Another person told us that we may be able to roof this section to get around it? (although that would not help us with the termite barrier). 
Another thought was to cut the 200mm out and leave it, but I would assume there would be something in the building code that would prevent us from leaving it as described. 
Any thoughts would greatly be appreciated as I have no knowledge of the building code and seem to be getting mixed answers from the BSA/council. 
Cheers!

----------


## woodchip

Hi, 
What type of termite protection do you have? 
Was there a stuff-up with the external slab height? 
Does the external slab slope away from the building?, if it does surely the drain would be a waste of money, or could be set down the required depth so you get the visual on termite barrier as you say. 
cheers

----------


## ringtail

I actually thought you needed 100 mm between slab heights.

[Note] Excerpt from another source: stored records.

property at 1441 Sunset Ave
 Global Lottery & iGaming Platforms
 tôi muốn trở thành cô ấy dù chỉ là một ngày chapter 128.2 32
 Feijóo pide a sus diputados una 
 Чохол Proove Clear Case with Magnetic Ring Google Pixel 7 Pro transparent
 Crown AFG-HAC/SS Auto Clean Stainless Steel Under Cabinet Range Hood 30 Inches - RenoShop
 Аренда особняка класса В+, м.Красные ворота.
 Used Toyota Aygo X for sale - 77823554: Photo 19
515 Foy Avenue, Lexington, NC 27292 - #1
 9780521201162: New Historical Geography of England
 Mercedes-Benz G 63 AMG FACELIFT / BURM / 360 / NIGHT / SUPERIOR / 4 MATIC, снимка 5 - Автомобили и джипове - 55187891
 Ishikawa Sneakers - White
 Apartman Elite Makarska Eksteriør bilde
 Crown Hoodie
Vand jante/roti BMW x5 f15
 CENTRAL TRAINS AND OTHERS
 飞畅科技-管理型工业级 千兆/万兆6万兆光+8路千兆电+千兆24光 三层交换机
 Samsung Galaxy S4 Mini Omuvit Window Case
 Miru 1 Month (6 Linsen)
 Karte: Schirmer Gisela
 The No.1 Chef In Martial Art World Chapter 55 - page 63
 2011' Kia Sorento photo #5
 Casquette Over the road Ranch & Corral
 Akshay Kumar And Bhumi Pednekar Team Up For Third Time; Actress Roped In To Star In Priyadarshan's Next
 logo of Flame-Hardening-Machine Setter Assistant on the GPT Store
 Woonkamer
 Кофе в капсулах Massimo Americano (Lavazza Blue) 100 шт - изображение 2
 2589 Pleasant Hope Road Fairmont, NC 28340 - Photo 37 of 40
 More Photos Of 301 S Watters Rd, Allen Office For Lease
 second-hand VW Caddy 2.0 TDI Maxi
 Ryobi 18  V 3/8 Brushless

This is the norm for garages that have a entry into the house and all the slab on ground houses that Ive had anything to do with. I must admit I havent had a look through the BCA regarding the issue but it certainly is the done thing in Brisbane at least. With as little as 25 mm you may aswell have them level

----------


## woodchip

Gday ringtail, 
I did a waffle pod slab on flat ground some years ago that had a 1 brick (86mm) step down into garage from internal access to it. 
However I have just had a strip footing & infill slab engineered, with no step down into garage area from internal access (2x bedrooms, bathroom & laundry on same level).
I also havent looked at BCA on it, left it to the engineer. 
cheers

----------


## ringtail

Ok. BCA states - 25 mm slope over the first metre in *low rainfall intensity areas* or 50 mm in any other case. 
For* slab on ground dwellings* 
100 mm in *low rainfall intensity areas* or
50 mm if concrete ( impermeable) *and it must slope away as per the above* or
150 mm in any other case   *So, if you had 50 mm set down and the outside slab sloped away from the house slab 50 mm in 1 mt you would be ok. For termite you need at least 75 mm exposed edge of the house slab - unless the two slabs were poured as 1 monolithic slab or termimesh has been chased into the house slab before the outside slab was poured. Given that you live in Brisbane ( from memory), you have a serious issue. Rip it up and start over. * Thesefigures do not take into account the sewer and gully trap height clearances from the lowest sanitary fixture ( floor waste) either. 
Nearly forgot to mention that nothing has changed since you asked the same questions a year ago

----------